* **Records shown**
=-=-=

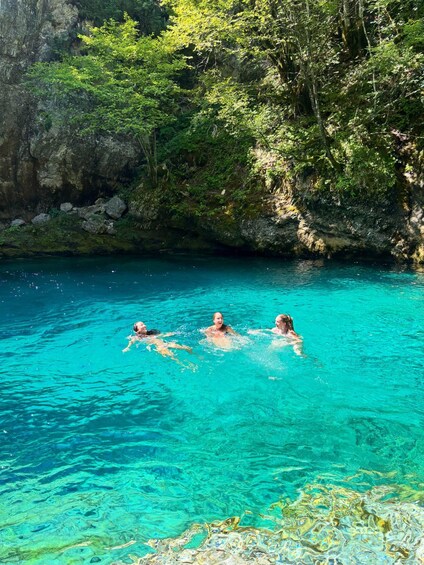 Three people swimming in a clear blue pool surrounded by lush greenery and rocky cliffs. 2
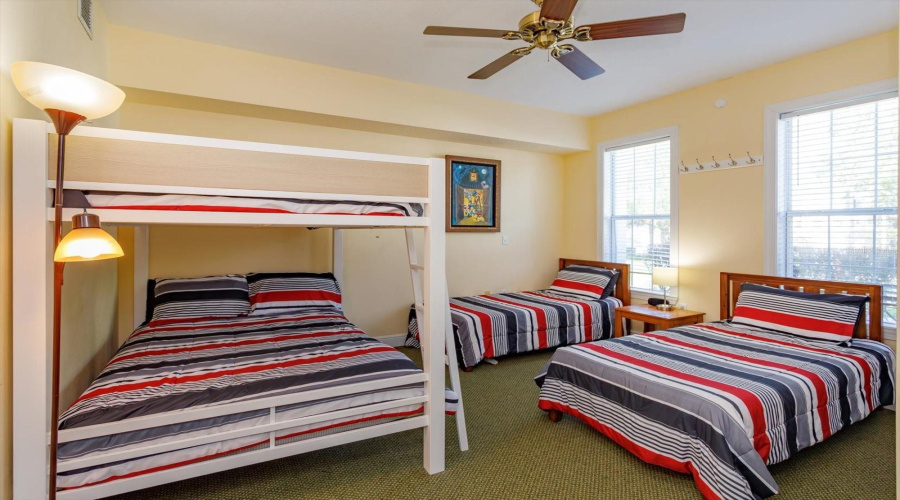 Bedroom with queen bunk beds and two double beds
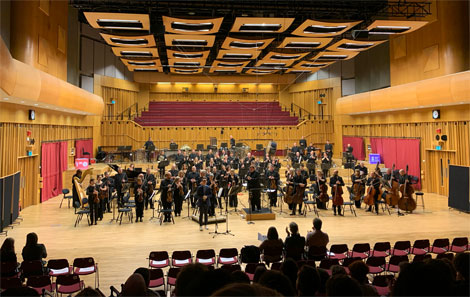 The orchestra stand up after their performance of Night Music at Hoddinott Hall, Cardiff, congratulated by Jasper and colleagues in the front seats 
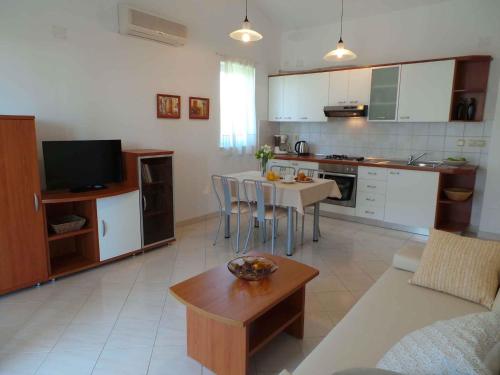 a kitchen and living room with a table and a couch at Apartment Liznjan 2 in Ližnjan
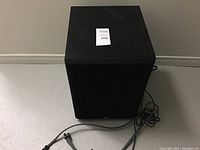 Front view of the black PSB speaker showing cube shape and fabric front grille with lot tag on top.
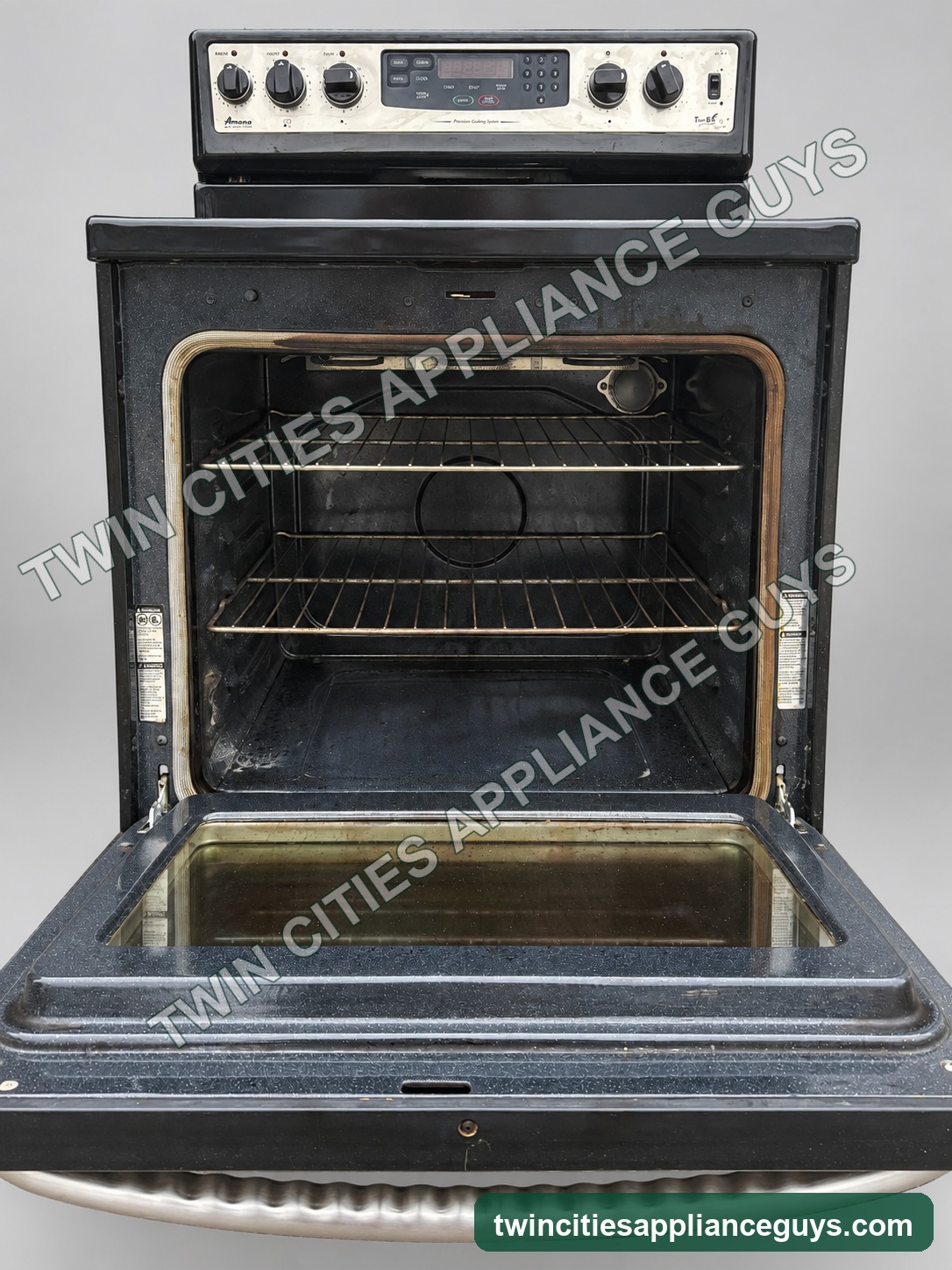 Amana electric range with oven door open showing racks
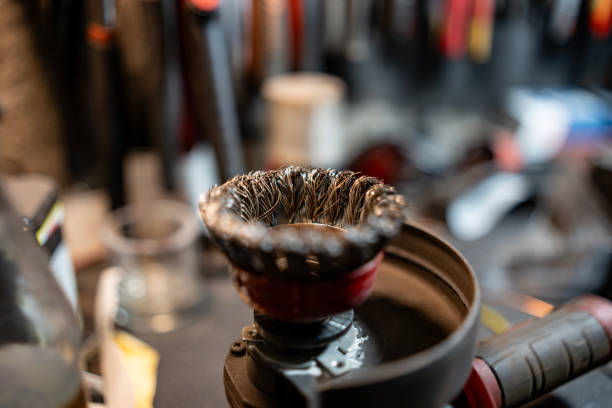 A detailed view of a wire brush tool on a workbench, surrounded by a busy workshop background, conveying craftsmanship and industrial activity.
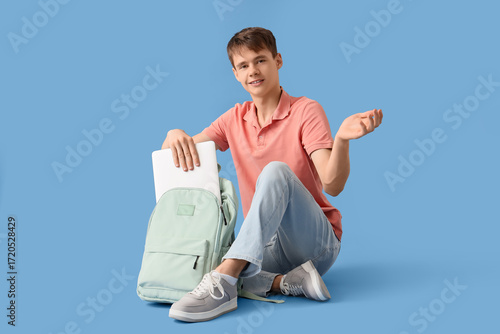 Male student taking laptop from backpack on blue background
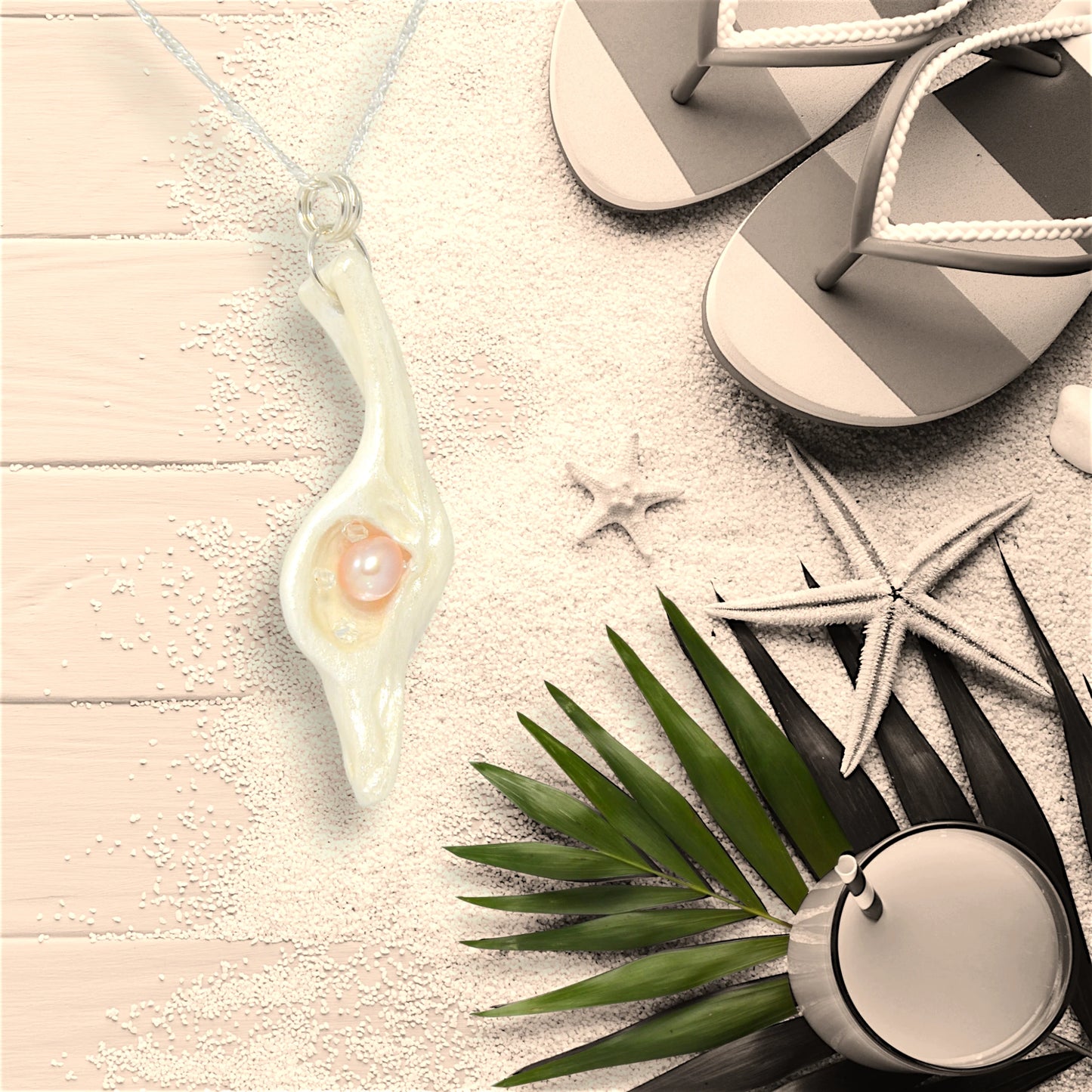 The pendant champagne on ice compliments any season but especially the summer!  The pendant is shown on a deck floor with sand, starfish, sandals and a summer refreshment.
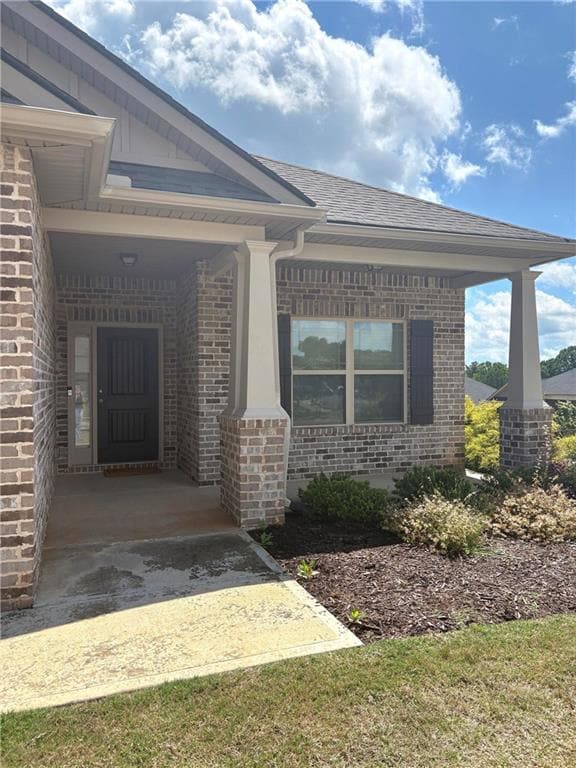 View of exterior entry with brick siding, covered 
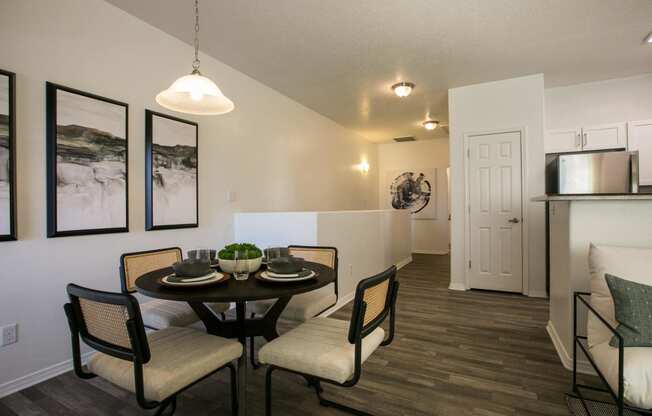 a dining room with a table and chairs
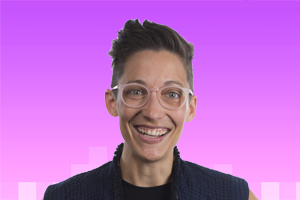 Headshot of a queer person with olive skin. Big eyes. Bigger grin. Pink frames. Pompadour. Quilted blue vest armour.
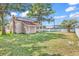 Backyard with a lush green lawn, mature trees, and white picket fence at 111 S Poplar Dr., Surfside Beach, SC 29575
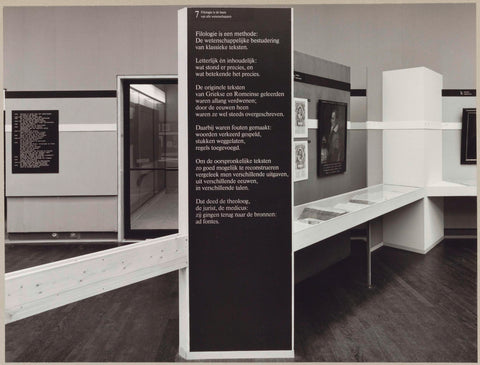 Room with various objects including books in a display case, a painting, an information panel and a door, c. 1975 Canvas Print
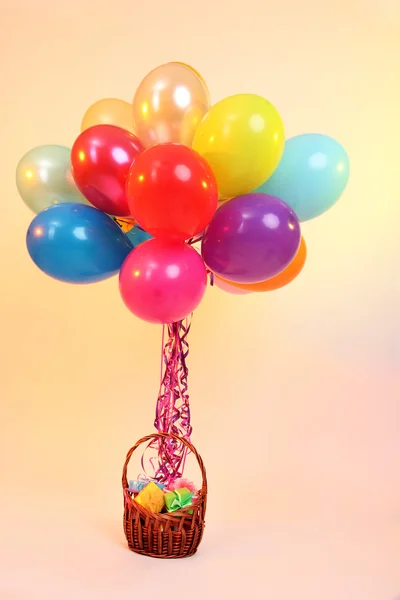 Many bright balloons and basket with gifts on orange background — Stock Photo, Image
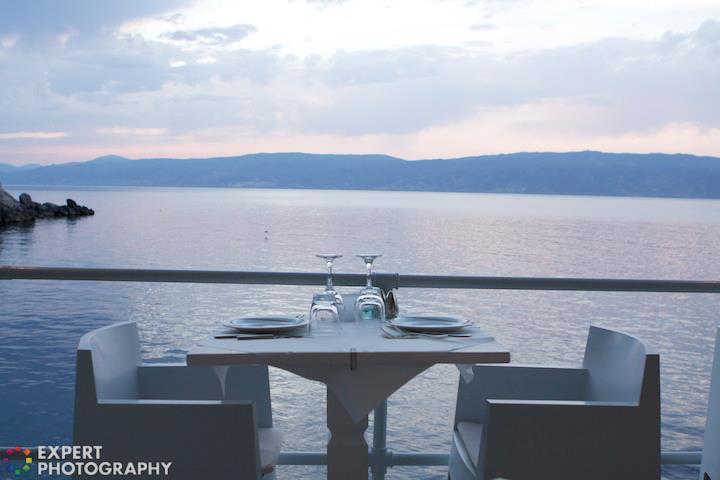 A table set by the sea at evening time with an 'Expert Photography' watermark on the bottom left corner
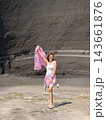 Woman in a white top and pink shorts holds matching patterned fabric before a layered dark rock wall and open gravel ground 143661876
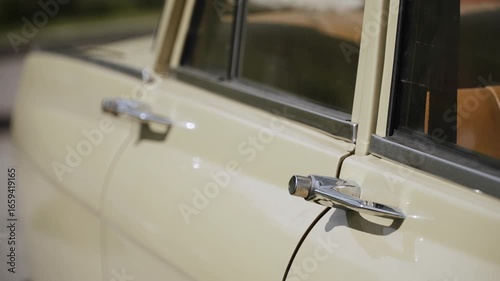 Chrome door handle with button of old vintage beige car on sunny day close up. Exterior of retro sedan from 80s in parking lot during journey.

=-=-=

* **Exercise prompt**
The lines to copy exactly start with the line above that has "A detailed view" and go on through the line that has "The pendant champagne"; please include both, add nothing else, and omit the pictures.

* **Output of the exercise**
 A detailed view of a wire brush tool on a workbench, surrounded by a busy workshop background, conveying craftsmanship and industrial activity.
 Male student taking laptop from backpack on blue background
 The pendant champagne on ice compliments any season but especially the summer!  The pendant is shown on a deck floor with sand, starfish, sandals and a summer refreshment.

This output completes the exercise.